How should a Capability be designed?

Every Capability must be defined in a way that each value is framed positively. This means that a capability must define all values that are supported by the machine image or machine type. This way the capability values can be matched using a union operation. With a mixed or boolean framing its harder to compare values in a consistent way or to add a new value as option to the capability.

E.g. Disc Controller Types:

✅ positively framed:

  • capability name: discControllerType
  • capability values: SCSI, NVMe, SCSI_MULTIQUEUE

❌ mixed framed:

  • capability name: supportsNVMe
  • capability values: true, false

How frequently are new capabilities added?

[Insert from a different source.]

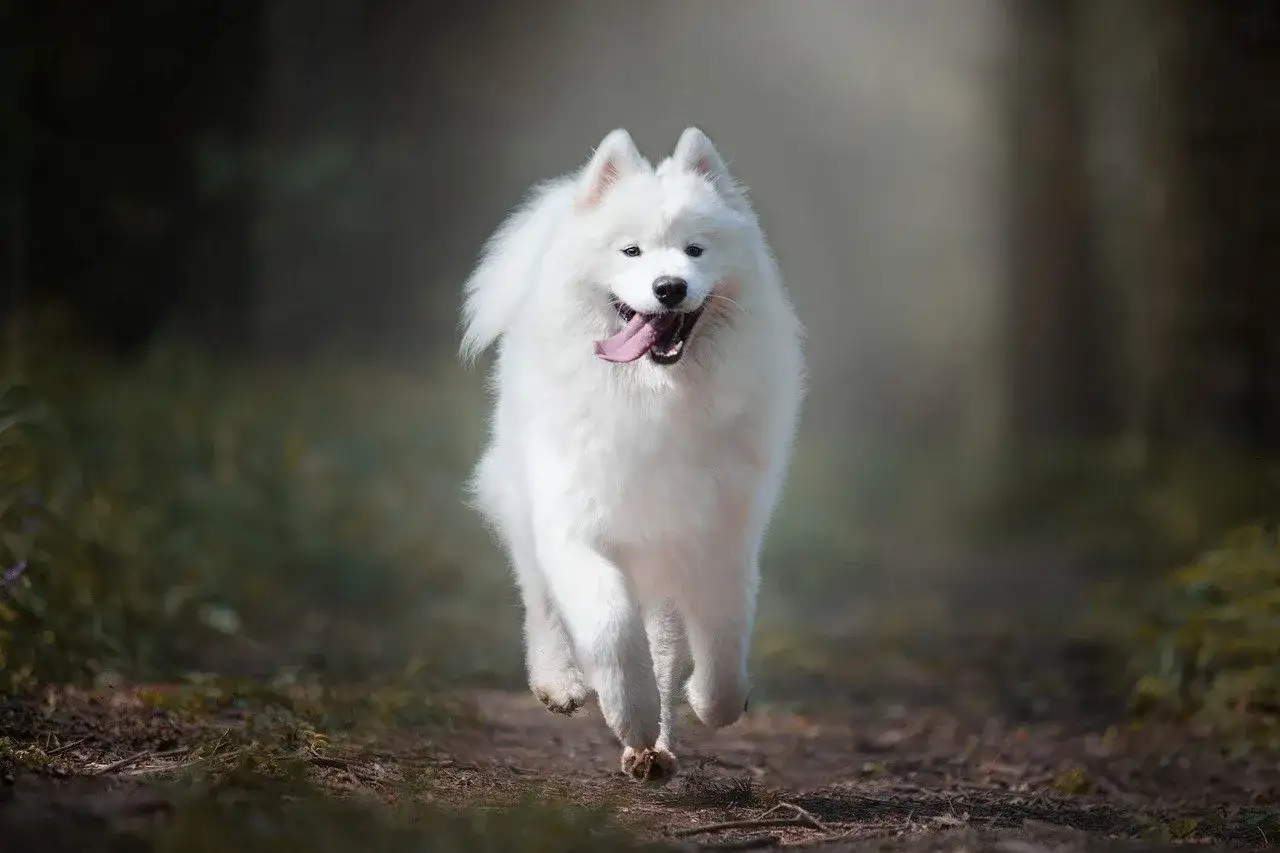 Radosny samoyed biegnie przez las, jego białe futro lśni w słońcu. Ten obraz doskonale oddaje przyjazny samoyed charakter.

Of course the capabilities have different lifecycles. The Boot mode UEFI was introduces in 1998 and is still very relevant and critical today. Yet other capability options like NVMe disc support are now supported by all major operating systems.

This means: Capabilities might be deprecated and removed

Also the lifecycle of capabilities is pretty long and they are not added frequently but rather when new hardware standards are introduced: Capabilities are added less than once per year

How much should upgrades be automated?

One mayor goal is that the number of manual interventions on cluster maintenance should be minimized. This means that the capabilities should be designed in a way that they can be used to automate the selection of machine images and machine types even when multiple images are suitable for a machine type.

For most capabilities there is a clear direction in terms of deprecation. Bios is being deprecated and UEFI is the future. Or Images that support NVMe also support SCSI, but not the other way around.

That indicates that capability values should have a preferred value or better a clear order of preference in case multiple values are supported. This way the selection of the machine image can be automated and it is ensured that clusters are updated into the preferred direction so less legacy systems have to be maintained.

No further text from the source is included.